Sou professor universitário e durante todos esses anos tive que lidar com classes heterogêneas em relação ao nível de conhecimento, formação cultural, origem socioeconômica, etc.
Minhas áreas de atuação sempre estiveram relacionadas a gestão empresarial, com destaque para recursos humanos e planejamento estratégico; matérias delicadas que estão ligadas ao propósito de maior retorno para os acionistas.
Pois bem, o maior retorno ao investidor é uma visão possível, mas também há teorias sobre a ação social da empresa e seu desdobramento na sociedade, pois falamos da dualidade força de trabalho e capital, assunto que não pode ser ignorado.
Ao longo dos anos, percebi que a visão da relação trabalho X capital está cada vez mais voltada para o capital, em detrimento da força de trabalho. Quanto mais vemos o fortalecimento do capital no dia a dia, mais vemos o capital mudar a nomenclatura do setor de recursos humanos, com denominações de colaboradores, talentos ou singelamente pessoas.
Educadores devem equilibrar suas aulas entre as teorias vigentes e alternativas, o educando deve ter liberdade para construir sua própria síntese sobre todos os assuntos.
Por mais que eu tenha uma visão mais social do que liberal, tenho que conhecer e dar conhecimentos sobre as correntes mais liberais aos alunos. E assim também um professor, que tenha uma orientação mais liberal, tem o dever de integridade intelectual de dar a conhecer aos alunos, as correntes mais voltadas para o social. Aliás, acho que os educadores devem ir além disso, promovendo discussões que possam libertar o pensamento dos alunos de anos e anos de treinamento dentro de uma linha de pensamento, seja qual for essa linha.
Voltando ao primeiro parágrafo, as classes são bem heterogêneas e para atingir o objetivo de abrir a mente dos alunos para a construção dessa síntese e tentar diminuir o máximo possível o viés de absorção ideológica passiva ou induzida, costumo lançar questões ligadas ao dia a dia para que possam servir de exemplo para o assunto da aula: pratico a tal transversalidade.

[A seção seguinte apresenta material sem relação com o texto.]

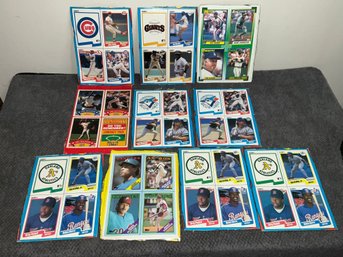Baseball Box Uncut Cards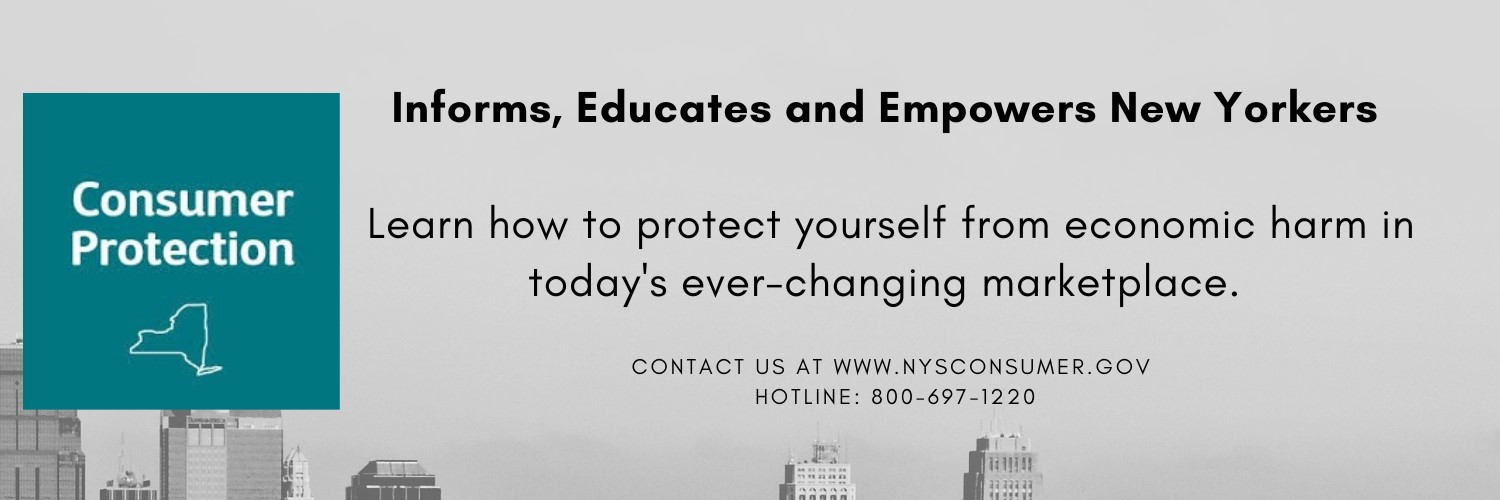 NYS Department of State Consumer Protection banner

Lembro-me de uma aula de recursos humanos em que tratávamos de respeito às diferenças culturais por meio de um ambiente ascético, onde nenhum sinal ou símbolo religioso possa afetar a crença de um contra o outro. Um posicionamento simples poder-se-ia dizer, mas até que ponto a supressão de sinais e símbolos é sinal de respeito? Para ampliar o campo da discussão, coloquei na pauta a decisão francesa de proibir o véu das meninas nas escolas, um hábito importante da cultura islâmica.

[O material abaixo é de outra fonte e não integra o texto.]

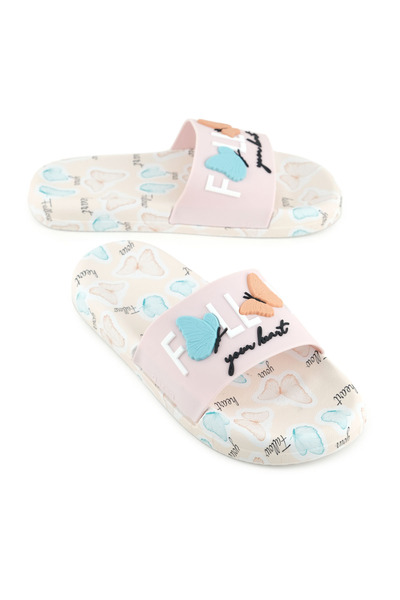 GEZER Women's Summer Pu Comfortable Sole Home Bathroom Pool Beach Slippers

As respostas foram diversas, mas se pôde discutir de forma aberta algo maior que a gestão de uma empresa. Cada um fez sua síntese e poderá no futuro encarar de forma mais elaborada a situação no campo de trabalho.

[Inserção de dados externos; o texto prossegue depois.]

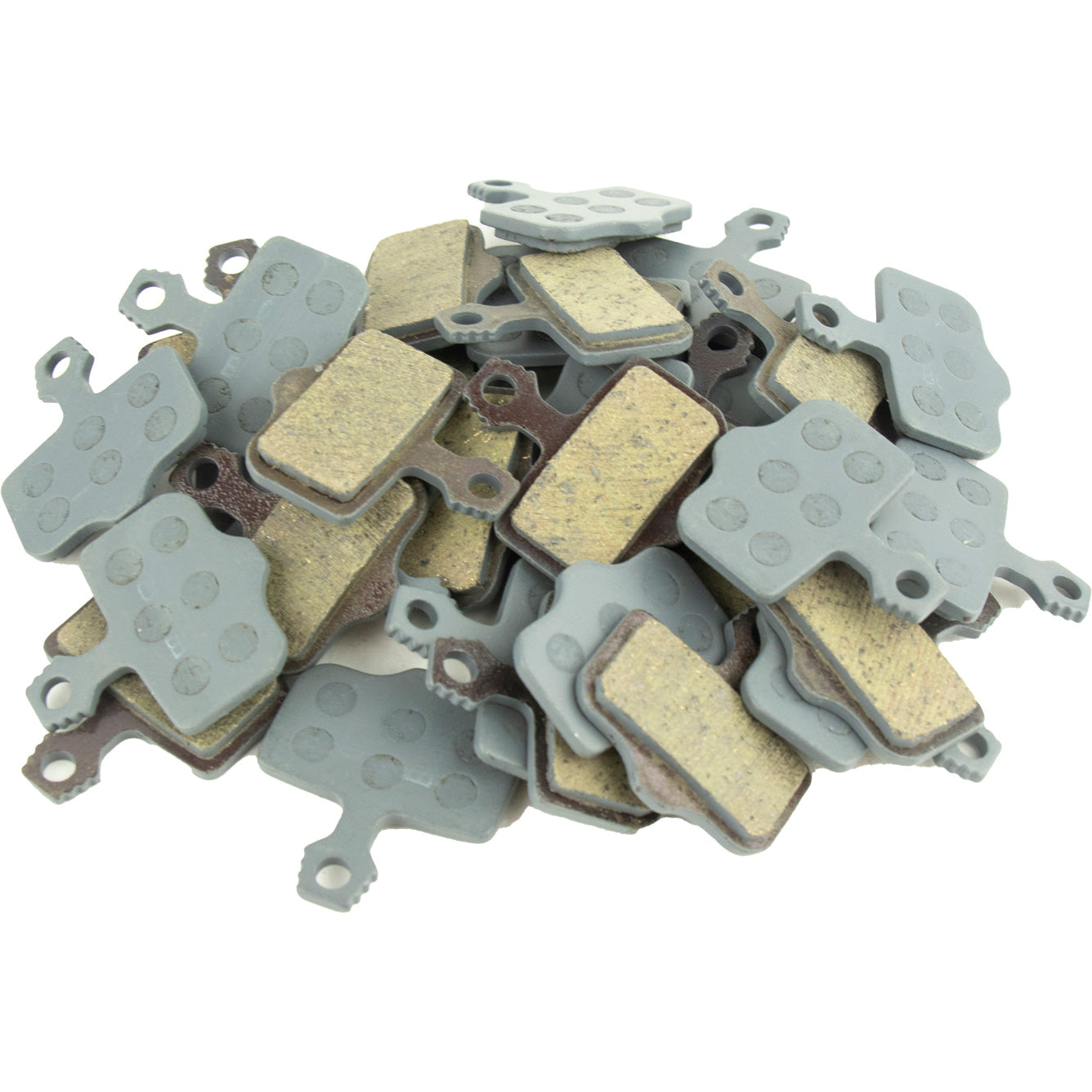 SRAM Disc Brake Pads - Small Organic/Steel (Powerful) (20 Sets) - 2 Piece Road/Elixir/DB/Level B1 (2020+) - Oe Mtb Pad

As discussões transversais devem ser direcionadas, utilizando-se temas mais abrangentes do que o assunto tratado, para melhorar a abstração e a capacidade de fazer convergir assuntos que aparentemente não são correlatos. No caso da aula de recursos humanos, o ambiente de trabalho foi ampliado para políticas educacionais e públicas da França, imigração, religião e direitos humanos.
Conforme a idade da classe, as abordagens transversais podem ser exploradas de diversas formas, quanto mais jovem, provavelmente, de forma mais lúdica e, com o exercício da técnica, evoluir para formas mais abstratas, o que formaria e combateria uma das deficiências notadas em alunos que ingressam no ensino superior, que é a baixa capacidade de interpretação e abstração de idéias a partir da leitura, embora muitos deles possam dissecar as frases do texto sintaticamente com perfeição.